Because, yes, Scary Guy was unbelievably agile. He moved with skill few humans managed, all smoothness and lithe grace. But he was also running after us with the single-minded intensity of a predator. I didn’t intend to become his prey.

So I followed Kami across a combined playground and ball field as fast as I was able. Even in morning dimness, there was nowhere to hide if you weren’t a small child content to giggle in shadow. A gate at the opposite end swung wide, however, and who knew what lay beyond that.

Our time to find out, however, was rapidly wearing thin. We’d made it only two-thirds of the way to the gate when the faintest thud of bare feet on grass promised Scary Guy had completed his descent.

“We have to stand and fight,” I gasped.

Kami was equally breathless when she answered. “Not quite. Trust me.”

Then we were at the gate and through it. The street we’d ended up on rose slightly to a set of railroad tracks where warning bars were even now lowering to block access.

To block vehicle access, maybe, but not foot access. The train was in sight, barreling toward us, but I’d gauged Kami’s and my running speed by this point. We could make it. Barely.

We ducked under the warning bars and shot across the tracks so close to the train its lights blinded us and its horn blared warning. Then we rested with hands on our knees, catching our breath while large bare feet appeared and reappeared in gaps between huge metal wheels.

Chapter 3

The train offered a longer delay than the fence had, but I knew my scent trail would continue to attract Scary Guy’s attention. So I was surprised when Kami slipped into a darkened alcove in a long stone wall three blocks later. The indentation had once been a doorway, I guessed, but now the erstwhile entrance was bricked off while broken bottles on the ground suggested others had used this spot to gain a degree of seclusion. We wouldn’t be immediately visible to passersby, but I had no doubt Scary Guy would smell us the moment he stepped onto the block.

“Strip,” Kami demanded while I was still working through why we’d paused.

“Excuse me?”

“You’ll be late for work if you don’t head to the mall now. I’ll draw the Executioner away, but I need to look and smell like you to make that happen.”

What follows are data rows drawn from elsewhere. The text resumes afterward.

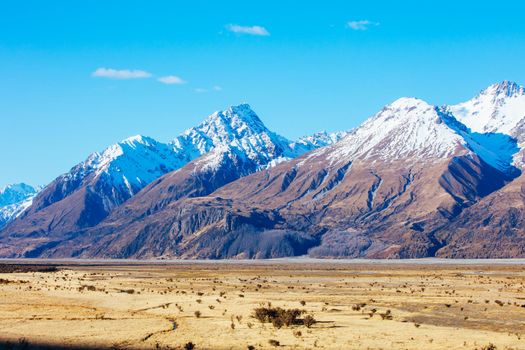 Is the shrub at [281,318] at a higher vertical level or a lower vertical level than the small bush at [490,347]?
higher

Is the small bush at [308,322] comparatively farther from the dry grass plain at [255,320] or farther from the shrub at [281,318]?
the dry grass plain at [255,320]

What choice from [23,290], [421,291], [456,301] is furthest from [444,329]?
[23,290]

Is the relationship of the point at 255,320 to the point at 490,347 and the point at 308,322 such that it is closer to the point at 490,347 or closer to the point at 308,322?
the point at 308,322

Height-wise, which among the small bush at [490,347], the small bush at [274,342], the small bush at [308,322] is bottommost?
the small bush at [274,342]

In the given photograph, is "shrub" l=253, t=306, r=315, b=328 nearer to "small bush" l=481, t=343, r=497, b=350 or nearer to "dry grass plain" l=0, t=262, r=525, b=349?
"dry grass plain" l=0, t=262, r=525, b=349

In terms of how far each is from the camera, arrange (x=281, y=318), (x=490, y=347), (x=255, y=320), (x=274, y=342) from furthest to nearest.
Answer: (x=255, y=320)
(x=281, y=318)
(x=274, y=342)
(x=490, y=347)

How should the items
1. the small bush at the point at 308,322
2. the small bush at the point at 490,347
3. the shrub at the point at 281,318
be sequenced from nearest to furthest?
the small bush at the point at 490,347 < the small bush at the point at 308,322 < the shrub at the point at 281,318

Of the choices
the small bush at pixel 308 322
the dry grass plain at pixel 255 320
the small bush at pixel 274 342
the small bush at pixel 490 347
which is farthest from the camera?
the small bush at pixel 308 322

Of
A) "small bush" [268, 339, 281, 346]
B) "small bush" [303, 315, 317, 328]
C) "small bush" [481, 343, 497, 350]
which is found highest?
Result: "small bush" [303, 315, 317, 328]

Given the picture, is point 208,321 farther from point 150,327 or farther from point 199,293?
point 199,293

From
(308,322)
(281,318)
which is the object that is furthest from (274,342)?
(281,318)

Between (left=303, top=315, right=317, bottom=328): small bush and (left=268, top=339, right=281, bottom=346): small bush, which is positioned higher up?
(left=303, top=315, right=317, bottom=328): small bush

“The Executioner?” I asked, shivering even though I hadn’t started unfastening the long row of buttons down the front of my dress. “That doesn’t sound promising. Are you sure you’ll be safe on your own?”

When Kami snapped her fingers instead of answering, I leaned my sword umbrella up against the wall and obeyed her orders. After all, she seemed to know much more about the mess I’d woken up in than I did.

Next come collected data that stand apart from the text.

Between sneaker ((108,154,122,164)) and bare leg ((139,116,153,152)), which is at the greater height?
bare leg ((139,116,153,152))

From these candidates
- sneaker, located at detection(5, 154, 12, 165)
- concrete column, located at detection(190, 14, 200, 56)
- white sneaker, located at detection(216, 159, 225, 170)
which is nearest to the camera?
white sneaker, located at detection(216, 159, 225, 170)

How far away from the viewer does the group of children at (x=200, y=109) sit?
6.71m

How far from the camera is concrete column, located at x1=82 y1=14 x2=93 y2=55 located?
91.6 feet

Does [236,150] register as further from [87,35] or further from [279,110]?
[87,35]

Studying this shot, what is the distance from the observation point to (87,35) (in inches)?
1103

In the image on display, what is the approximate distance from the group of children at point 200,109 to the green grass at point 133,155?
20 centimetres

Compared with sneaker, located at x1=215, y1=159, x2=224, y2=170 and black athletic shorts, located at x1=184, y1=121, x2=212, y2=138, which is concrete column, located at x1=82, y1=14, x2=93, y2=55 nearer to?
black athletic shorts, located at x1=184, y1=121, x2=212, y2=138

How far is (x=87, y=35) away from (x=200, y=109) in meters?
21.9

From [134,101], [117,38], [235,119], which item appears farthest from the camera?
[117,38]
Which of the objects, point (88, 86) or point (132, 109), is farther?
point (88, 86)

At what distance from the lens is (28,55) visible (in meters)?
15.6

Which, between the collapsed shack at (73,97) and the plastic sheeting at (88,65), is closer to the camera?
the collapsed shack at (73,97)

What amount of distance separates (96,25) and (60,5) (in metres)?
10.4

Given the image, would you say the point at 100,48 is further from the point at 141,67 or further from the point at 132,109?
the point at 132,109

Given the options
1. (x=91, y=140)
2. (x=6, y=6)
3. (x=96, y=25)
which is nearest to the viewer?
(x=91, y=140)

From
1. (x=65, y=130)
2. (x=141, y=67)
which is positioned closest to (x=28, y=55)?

She might’ve known more, but her motives came into question rather abruptly. I looked up from the dress I was trying to step out of without dragging it through the dirt to find her snatching my umbrella, winding a mass of dark fabric around its handle, then tossing the combination up over the wall behind us. The entire grab-twist-throw happened so quickly, I only had time for a single word. “Hey!”

“You’re going after it.”

I was? Certainly not directly after it since the wall was well built and offered few obvious footholds. But, yes, Kami was right—I was definitely going to find a way to the other side to regain my most prized possession, all while rethinking the trust I’d so blithely granted to the woman by my side.

“We don’t have a lot of time,” Kami chided, cocking her head as if she could hear the train even though we’d come too far for the sound to carry. “Ditch the dorky shapewear and shift.”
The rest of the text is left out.